Come next April, New York license plates will feature the first new design in a decade.
Officials at the New York Department of Motor Vehicles announced that a design featuring the Statue of Liberty, Niagara Falls, the Adirondacks, and the New York City skyline is the winner of the August competition to choose the next plate – New York’s first redesign in a decade.
This comes, according to the Times Union, Nick Langworthy, the state’s GOP leader, made a Freedom of Information Law request for information about the vote.
Why did New York State change the design?
The current design dates back to 2010, when then-Gov. David Paterson revealed the current design – a throwback to the state’s license plates prior to 1986. At the time, there was widespread criticism over the design, resulting in the Paterson administration allowing for motorists to use both the “Empire Gold” and the white and blue “Empire State,” dating back to 2001.
The Cuomo administration argued that the older Empire State plates were too old, as the risk of peeling, corrosion, and further damage was higher.

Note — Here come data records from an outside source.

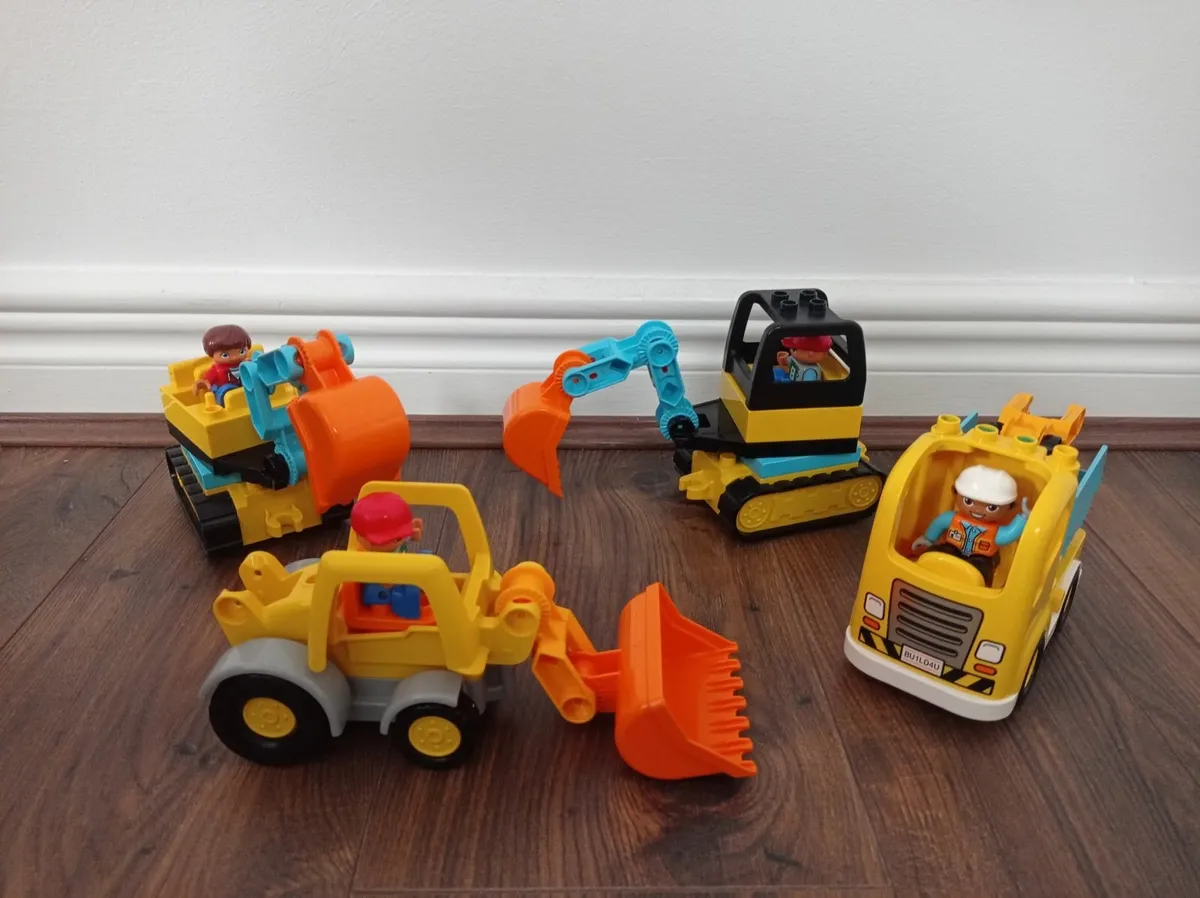 Lego Duplo - 300+ blocks , figurines and vehicles - Image 3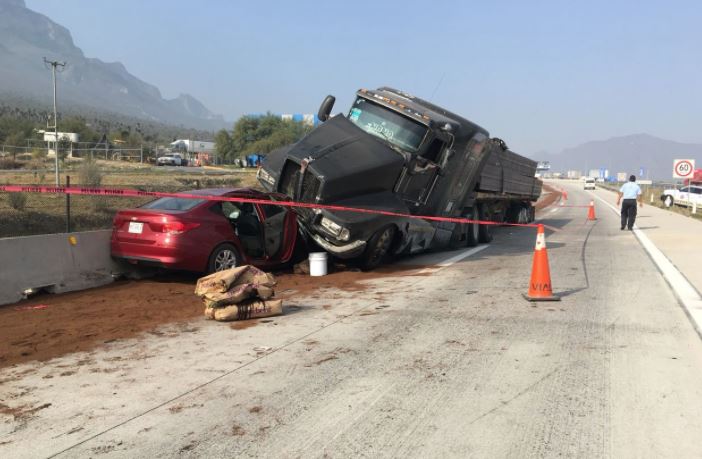 Trailer embiste a varios vehículos en la autopista Monterrey-Saltillo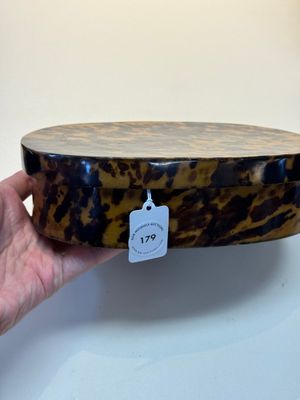 A fine and rare Chinese tortoiseshell-veneered and red-lacquered oval box and cover, signed Wang Wenzhi 王文治, Qianlong mark and of the period — photo 17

With such damage, the administration stated, it could be harder for plate-reading devices to read the plate – given the state’s move to make all toll barriers along the New York State Thruway cash-less, thus motorists must either use toll-by-mail or E-ZPass.
Critics say the plates can be read by other states (see: Massachusetts), in addition to the $25 new plate fee and additional fee to retain the existing plate number to be onerous.
How often do states change plate designs?
It used to be every year. Today, on average, it’s every five years. Many states, including New York, have reduced the frequency for a variety of reasons.